Surmonter les réticences

Plus globalement, 90% des académies échangent au niveau académique, c'est-à-dire avec la région, et 80% au niveau départemental. Près de la moitié considère que ces échanges sont essentiels à l’efficacité de la politique éducative et appellent de leurs vœux une amélioration de la régulation de ces échanges. En outre, les difficultés relationnelles semblent inexistantes au niveau académique/régional, mais concernent 15% des relations infra-académiques, entre Dasen et collectivités. "La proximité territoriale et la précision dans l’échelle de la donnée semblent être des facteurs qui tendent les relations entre autorités académiques et collectivités là où une amplitude plus grande dans l’échelle d’observation semble créer plus facilement un consensus dans un usage partagé de la donnée scolaire", commente la mission. Le rapport précise toutefois que "c’est au niveau communal (et intercommunal) que les relations avec les services académiques semblent les plus fluides".

Après avoir fait le constat de "la complémentarité des préoccupations entre État et collectivités autour de la donnée scolaire", la mission en appelle à un "nouveau paradigme". Celui-ci devra répondre aux préoccupations qui, côté académies, ressortent "avec force" de l’enquête. Ainsi, il convient de mieux formaliser le transfert physique des échanges de données, alors que seules 36% des académies se sont dotées d’une plateforme commune d’échanges avec les collectivités. Dans un autre ordre d'idées, il est nécessaire de surmonter l'obstacle selon lequel 16% des académies expriment "une réelle réticence à partager des données avec les collectivités territoriales". Quant aux collectivités, elles feraient part, selon la mission, d'"une insatisfaction systématiquement relevée sur la disponibilité de la donnée scolaire et sa fiabilité".
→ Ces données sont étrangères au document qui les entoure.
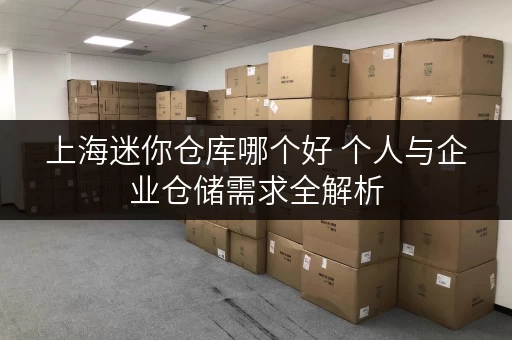上海迷你仓库哪个好 个人与企业仓储需求全解析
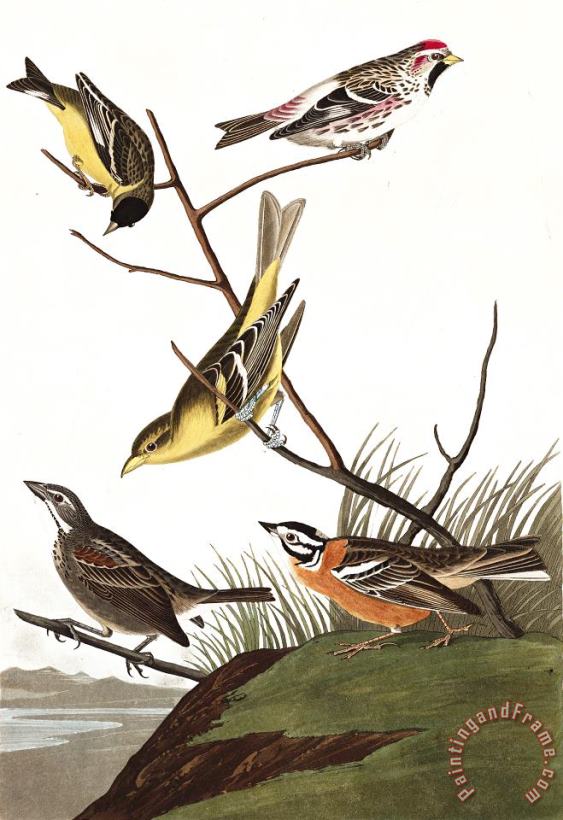 John James Audubon Arkansaw Siskin, Mealy Red Poll, Louisiana Tanager, Townsend's Finch, Buff Breasted Finch Art Painting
Afin de favoriser une gouvernance territoriale partagée, la mission préconise en premier lieu de tenir des assises nationales de la donnée scolaire (proposition 1) qui établiront les termes d’une doctrine nationale partagée (proposition 2). Elle demande également de transformer la convention Régions de France de 2015 en convention-cadre entre le ministère de l'Éducation nationale et les collectivités régionales (proposition 4), tout en élaborant un cadre de concertation mieux structuré au niveau national et décliné au niveau territorial (proposition 5). Enfin, de manière plus opérationnelle, la mission préconise de scénariser une infrastructure partagée de la donnée scolaire dans une complémentarité entre une alimentation nationale et des apports régionaux, et de promouvoir l’installation d’une plateforme de la donnée scolaire qui pourrait disposer d’une certaine latitude de différenciation dans ses contenus selon les régions considérées (proposition 8).